- Work instruction
Beginning at the line that contains "KING777 Roda Berkah Deposit Minimal", reproduce the entries below exactly, ending with the line that contains "2025 Honda CR-V EX AWD". Omit each picture.

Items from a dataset
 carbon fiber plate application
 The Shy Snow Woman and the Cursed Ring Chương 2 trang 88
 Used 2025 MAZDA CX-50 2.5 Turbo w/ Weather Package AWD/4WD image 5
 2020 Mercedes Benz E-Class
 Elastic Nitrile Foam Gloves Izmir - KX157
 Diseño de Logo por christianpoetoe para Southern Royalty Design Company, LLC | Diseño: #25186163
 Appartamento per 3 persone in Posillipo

...

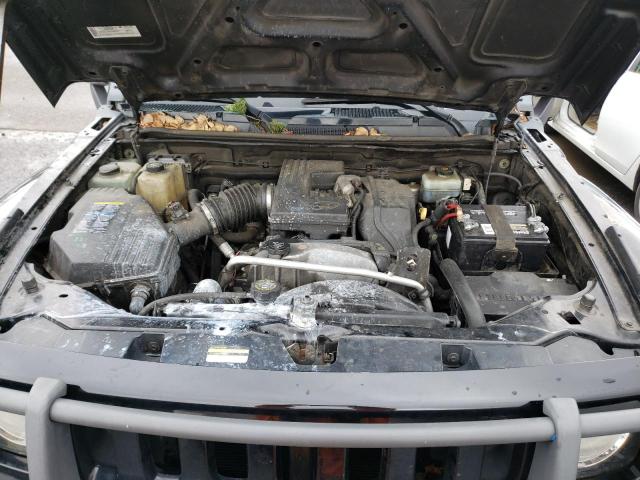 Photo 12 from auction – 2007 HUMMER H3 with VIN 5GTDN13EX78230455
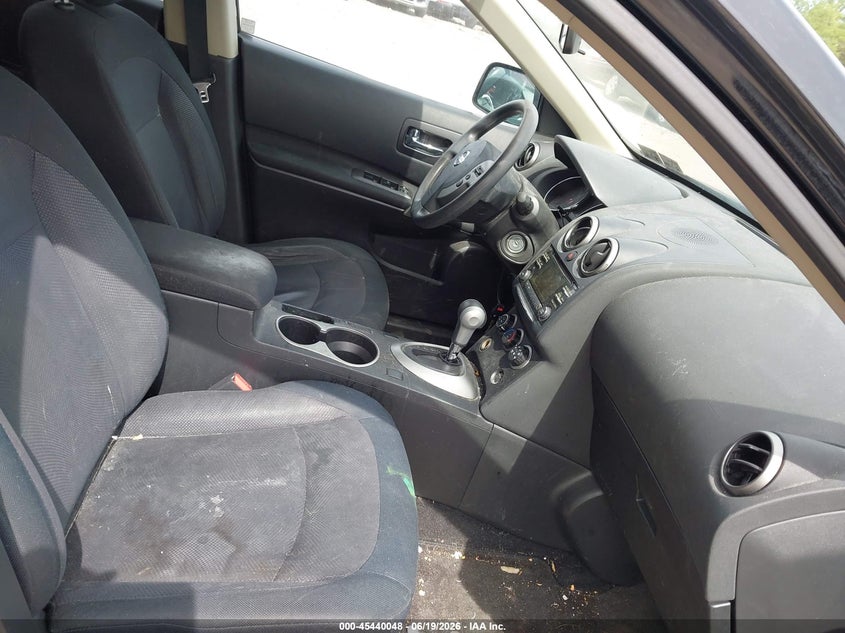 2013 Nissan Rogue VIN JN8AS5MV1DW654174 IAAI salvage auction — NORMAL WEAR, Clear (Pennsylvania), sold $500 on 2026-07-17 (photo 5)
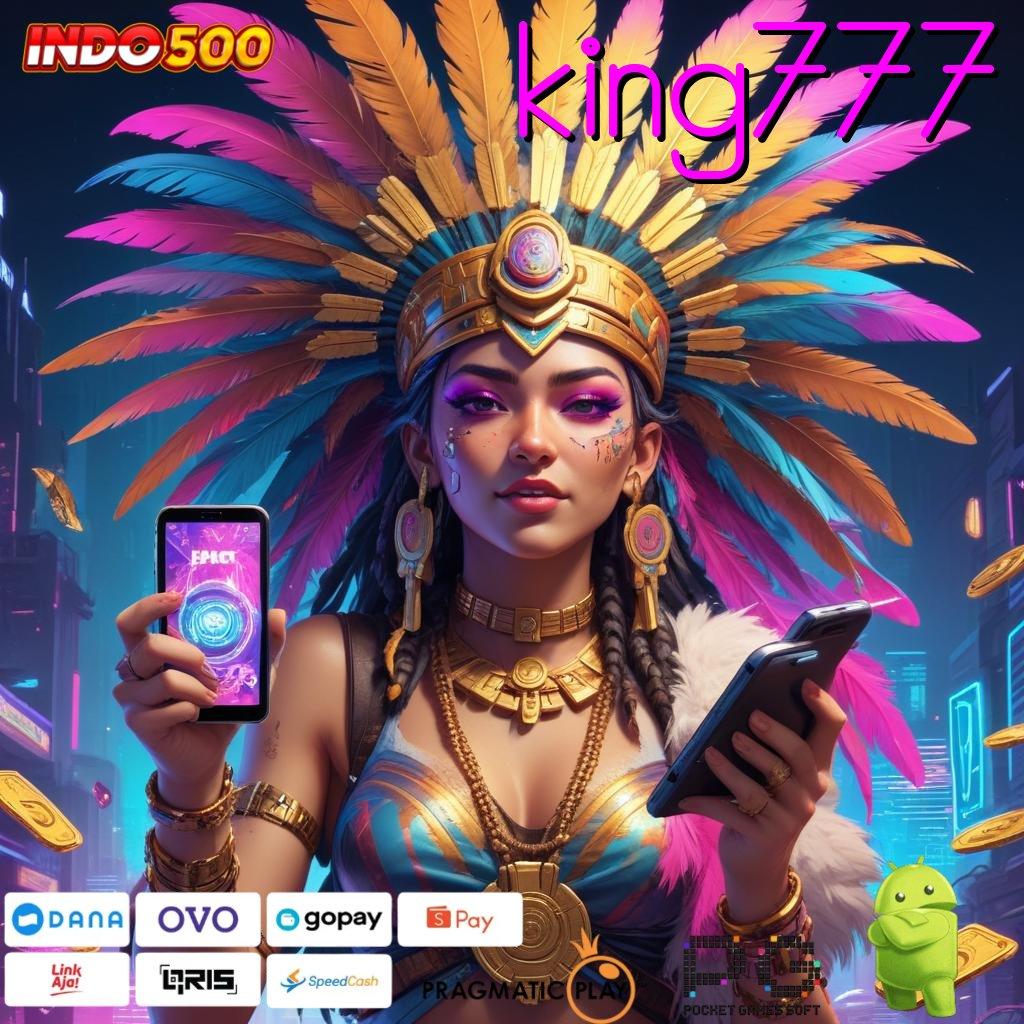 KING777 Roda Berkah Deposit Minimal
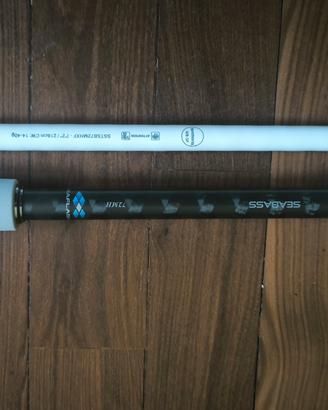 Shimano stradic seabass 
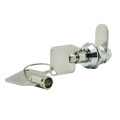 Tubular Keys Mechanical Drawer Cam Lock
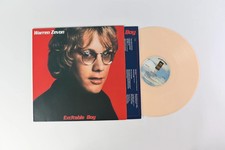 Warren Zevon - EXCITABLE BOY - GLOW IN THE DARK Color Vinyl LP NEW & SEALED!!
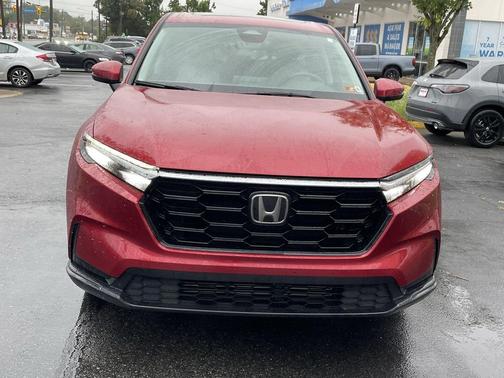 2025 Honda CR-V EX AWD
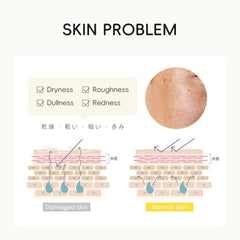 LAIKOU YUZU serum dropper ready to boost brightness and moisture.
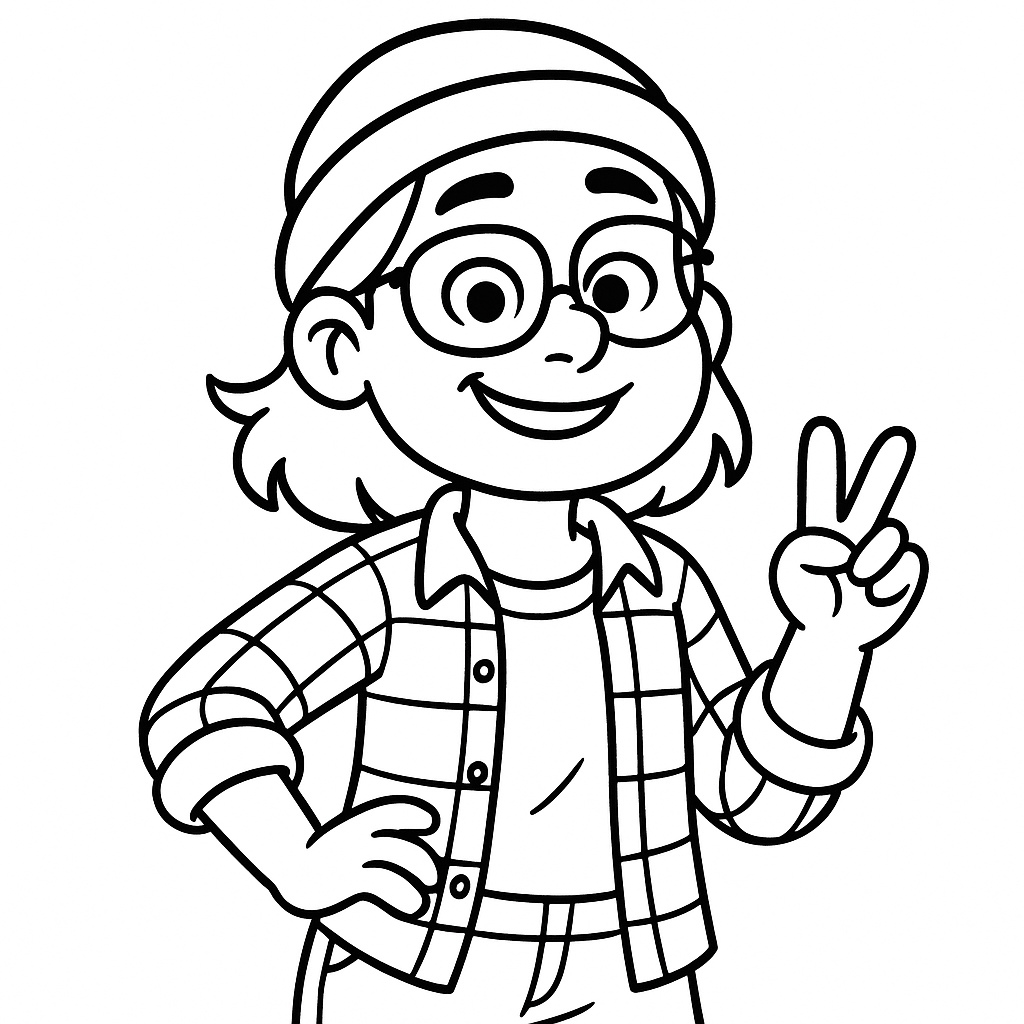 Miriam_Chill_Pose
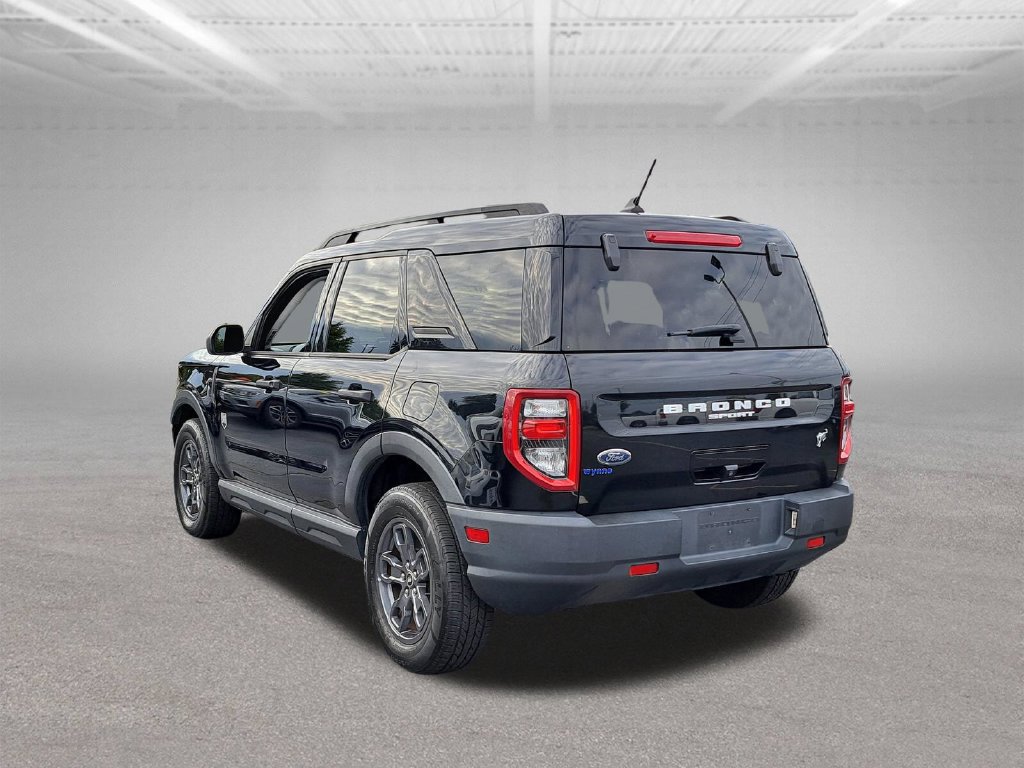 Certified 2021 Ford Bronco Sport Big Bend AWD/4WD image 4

- Task answer
 KING777 Roda Berkah Deposit Minimal
 Shimano stradic seabass 
 Tubular Keys Mechanical Drawer Cam Lock
 Warren Zevon - EXCITABLE BOY - GLOW IN THE DARK Color Vinyl LP NEW & SEALED!!
 2025 Honda CR-V EX AWD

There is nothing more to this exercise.